As a new user, I can only share one media in the post, however, I noticed a significant discrepancy when I look at the DIFF view on the tensorboard between both models. In this view, my model has a much higher execution than the benchmark.
Finally, both models share all training code, which includes DDP, AMP, and gradient norm clipping. Here is the code that is being used for training:
total = 0.
self.model.train()
self.train_data.sampler.set_epoch(epoch)
scaler = torch.cuda.amp.GradScaler()
for images, _ in data:
self.optimiser.zero_grad(set_to_none=True)
images = images.to(self.device)
with torch.autocast(device_type='cuda'
if torch.cuda.is_available() else 'cpu',
dtype=torch.float16):
if self.architecture == "AutoencoderKL":
posterior = self.model.module.encode(images).latent_dist
z = posterior.sample()
recon = self.model.module.decode(z).sample
else:
recon, posterior = self.model(images)
loss = (self.criterion()(recon, images) +
self.eta * posterior.kl().sum())
scaler.scale(loss).backward()
scaler.unscale_(self.optimiser)
torch.nn.utils.clip_grad_norm_(self.model.parameters(), 1.0)

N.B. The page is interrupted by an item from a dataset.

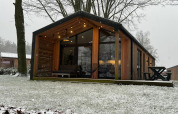 Modern wooden lodge at Wilsumer Berge, Germany, with a snowy yard and bare winter trees in the background.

scaler.step(self.optimiser)
scale = scaler.get_scale()
scaler.update()
self.optimiser.zero_grad(set_to_none=True)
total += loss.item() * images.size(0) / len(data.dataset)
del loss
if self.scheduler is not None:
if not scale > scaler.get_scale():
self.scheduler.step()
return total
Thanks in advance for the support. I am available for further clarification.